Task to complete | Produce a verbatim transcription of the records below, beginning at the line containing "this 1344×896 image." and ending at the final line; include only those lines.

(Stored entries)
********
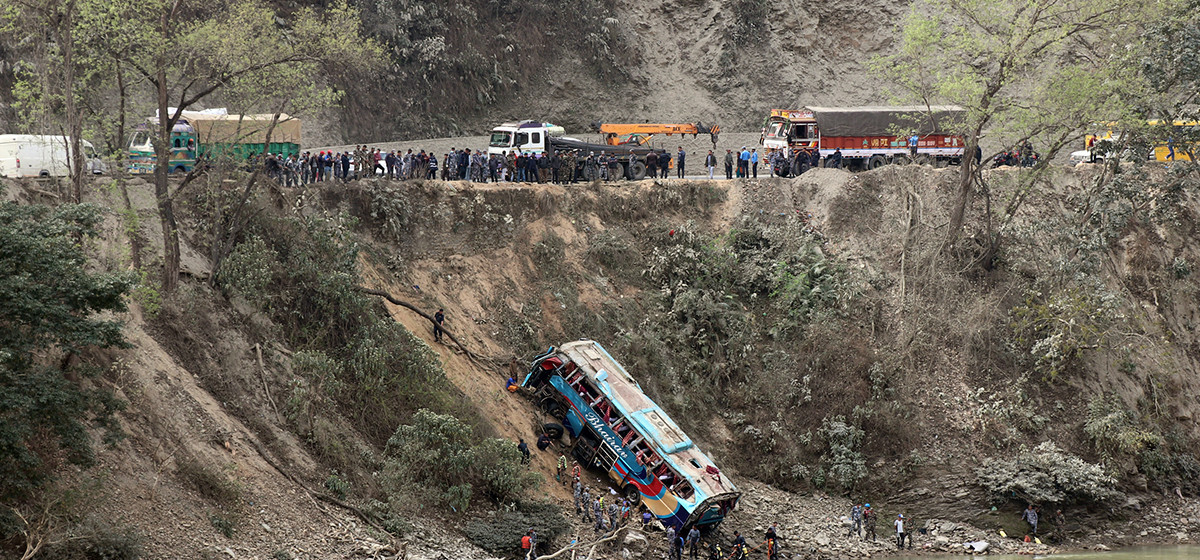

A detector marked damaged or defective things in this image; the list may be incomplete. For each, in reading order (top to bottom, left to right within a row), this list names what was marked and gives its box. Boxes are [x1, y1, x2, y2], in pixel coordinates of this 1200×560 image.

crashed bus [525, 340, 739, 532]
crushed bus body [525, 340, 739, 532]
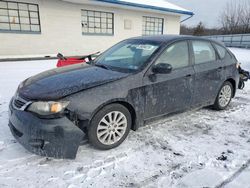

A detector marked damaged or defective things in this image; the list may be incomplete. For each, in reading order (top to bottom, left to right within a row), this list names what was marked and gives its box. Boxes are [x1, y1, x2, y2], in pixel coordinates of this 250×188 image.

damaged front bumper [8, 99, 85, 159]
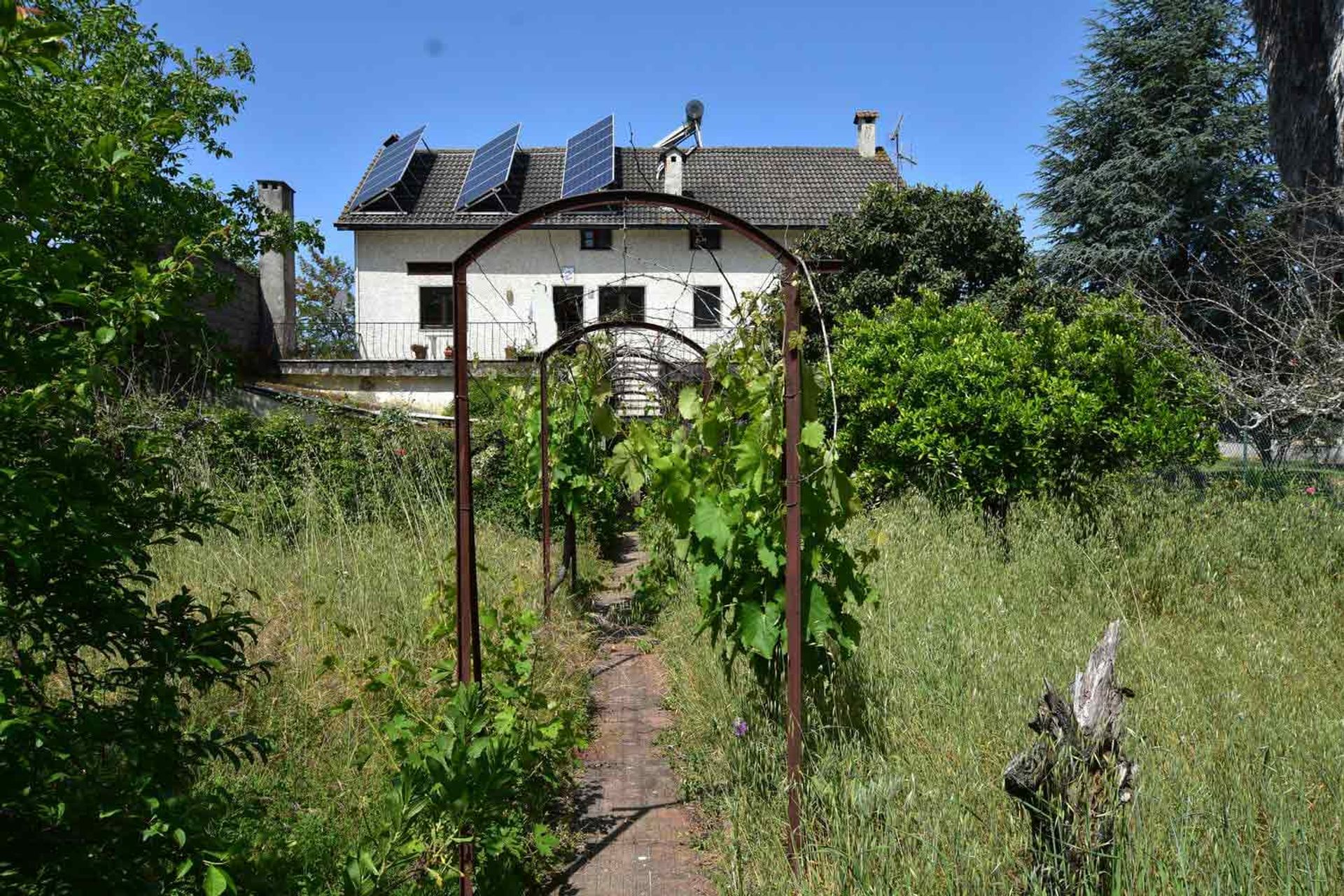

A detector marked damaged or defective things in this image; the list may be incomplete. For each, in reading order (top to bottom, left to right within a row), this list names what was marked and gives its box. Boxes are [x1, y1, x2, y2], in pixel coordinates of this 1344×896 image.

rusty metal arch [535, 318, 709, 620]
rusty metal arch [449, 190, 806, 892]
********
Result of the exercise |
A detector marked damaged or defective things in this image; the list may be incomplete. For each, in reading order (top to bottom, left to right within a row), this list names what was marked and gives its box. Boxes are [x1, y1, x2, y2], in pixel coordinates of this 1344×896 image.

rusty metal arch [535, 318, 709, 620]
rusty metal arch [449, 190, 806, 892]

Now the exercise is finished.